No ano passado, em meio a ataques do presidente Luiz Inácio Lula da Silva (PT) para baixar a taxa de juros da economia, o presidente do Banco Central, Roberto Campos Neto, explicou no Congresso Nacional como a dívida pública influencia a taxa de juros brasileira.
“Na parte dos juros, a gente não pode confundir causa e efeito. A dívida não é alta porque o juro é alto. É o contrário, o juro é alto porque a dívida é alta. Quando você endividado vai ao banco, e o banco faz uma análise que você é endividado e não paga a dívida, o juro é alto”, explicou Campos Neto, na ocasião.
O que diz o projeto do Senado
O texto aprovado pelo Senado Federal possibilita que os entes que aderiram ao atual regime de recuperação fiscal migrem para esse novo plano, chamado de Programa de Pleno Pagamento de Dívidas dos Estados (Propag). Essa mudança de um regime para o outro será gradual, dentro de cinco anos.
Os estados não são obrigados a aderir ao plano. Os que o quiserem terão 120 dias, após a lei entrar em vigor, para fazê-lo. Os débitos serão pagos em um prazo de 30 anos.
O benefício não será retroativo. O saldo total da dívida não vai mudar. O relator, Davi Alcolumbre (União-AP), reforçou nesta quarta que “não existe desconto na dívida existente”. Pode haver abatimento do saldo do débito, mas não alteração do valor. A nova taxa de juros, por exemplo, valerá só daqui para frente.
Os entes poderão abater o valor cheio da dívida se transferirem para a União ativos (participação em empresas públicas), bens, imóveis e créditos.
O projeto foi capitaneado pelo presidente do Senado, Rodrigo Pacheco (PSD-MG). Há expectativa de que o estado dele, Minas Gerais, que deve ao menos R$ 160 bilhões à União, transfira para o governo federal suas participações nas companhias estaduais de energia, desenvolvimento e saneamento — Cemig, Codemig e Copasa.

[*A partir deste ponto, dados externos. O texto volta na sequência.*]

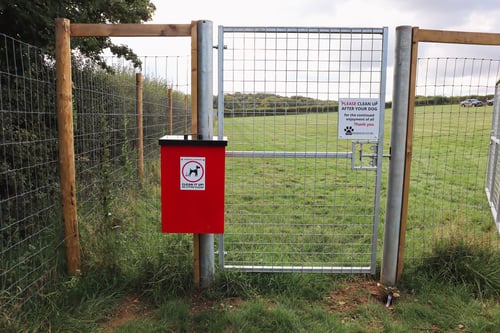 Photo of Paw Paddock Mapledurwell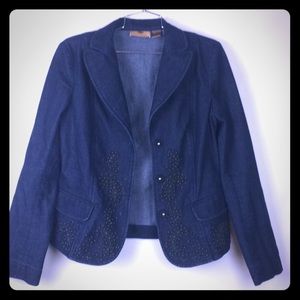 Dana Buchanan Denim Jacket
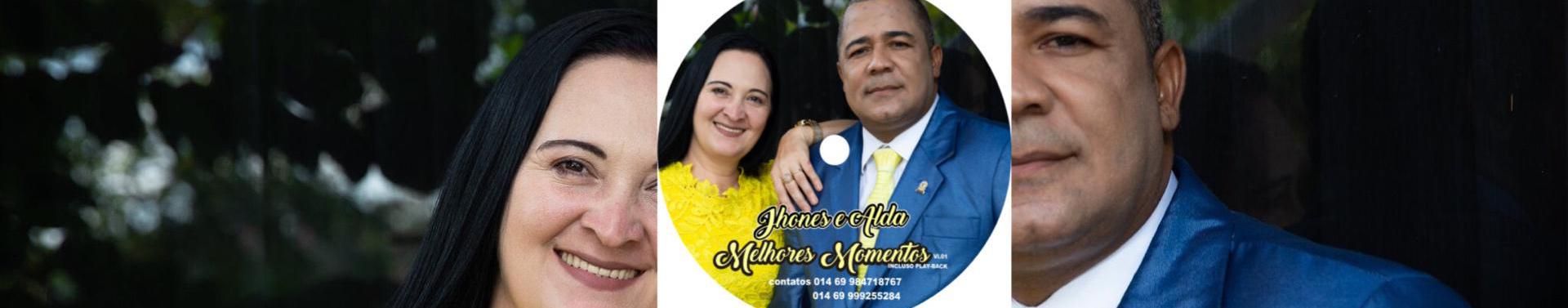 Imagem de capa de Jhones e Alda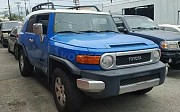 Toyota FJ Cruiser 2008 г., авто на запчасти Алматы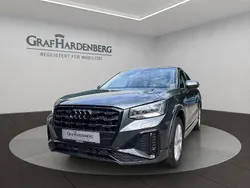 Grau Gebraucht 2024 Audi Q2 S-Line SUV | 30.930 € (Etwas zu teuer)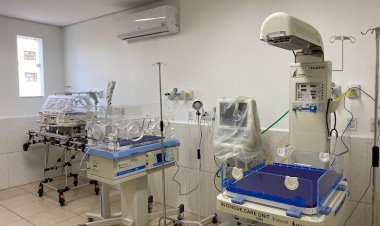 Coronel Fabriciano inaugura nova maternidade pública na próxima  semana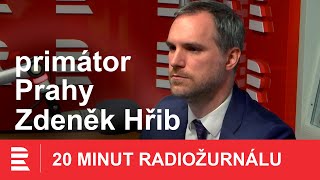 Zdeněk Hřib: Opozice ztratila legitimitu kritizovat, když nehlasovala pro geologický průzkum metra D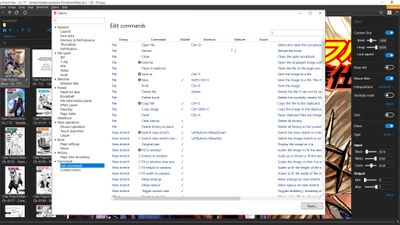 Hotkey Customization (Gestures-Mouse-Touch)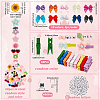 DIY Wooden Clips Making Kits DIY-SP0005-10-2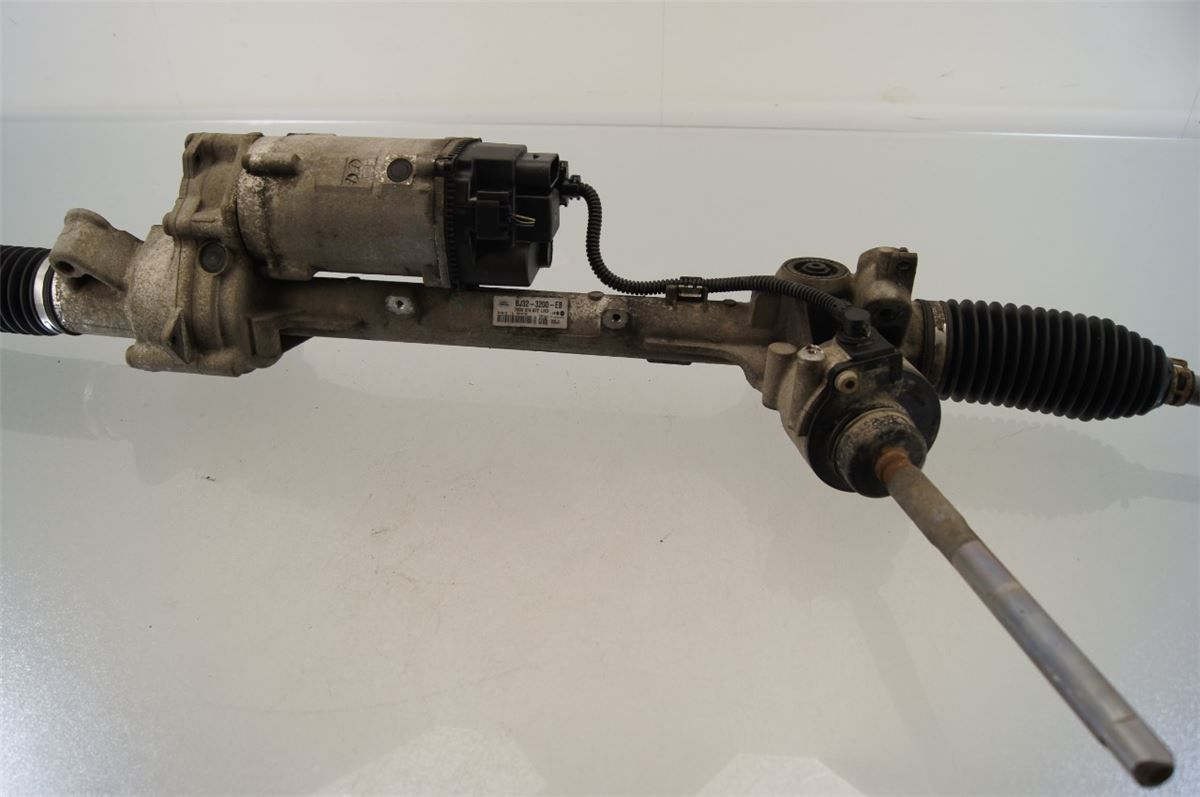 Servo Snekke/Tannstang Elektr. – bilde 3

Na terça-feira (13), porém, Alcolumbre reconheceu que uma das partes sensíveis do projeto é que haverá divergências futuras entre as gestões estaduais e federal quanto ao valor desses ativos, na hora da transmissão dos bens.
Hoje, as dívidas são corrigidas pelo que for menor entre a taxa básica de juros, a Selic, e uma soma da inflação oficial e 4% ao ano. O projeto mantém o formato atual dos juros (IPCA + 4%), mas prevê mecanismos para reduzir e até zerar esse índice adicional.
O estado terá de direcionar obrigatoriamente uma parte – que pode variar de 1% a 2% – do montante da dívida para um fundo de equalização, compartilhado entre todos os estados brasileiros, inclusive os não endividados. Com essa medida, o ente reduzirá até dois pontos percentuais dos juros adicionais.
A depender de quanto cada estado colocar no fundo compartilhado, o estado poderá zerar os juros que excedem a inflação de outras maneiras:
menos 1 ponto percentual: se o ente entregar seus ativos à União, em um montante de 10% a 20% do valor total da dívida;
menos 2 pontos percentuais: se o total de ativos entregues chegar a mais de 20% do valor da dívida;
de 0,5 a 2 pontos percentuais: se o valor correspondente for revertido em investimentos no próprio estado, nas áreas de educação, infraestrutura e segurança pública. A maior parte dos recursos, mínimo de 60%, vai para educação profissional técnica de nível médio.
O estado que não optar pela entrega de ativos vai poder diminuir até 2% em juros apenas realizando os investimentos locais, especialmente em educação profissionalizante. Portanto, o ente poderá zerar os juros adicionais somente com o investimento e o repasse para o fundo compartilhado.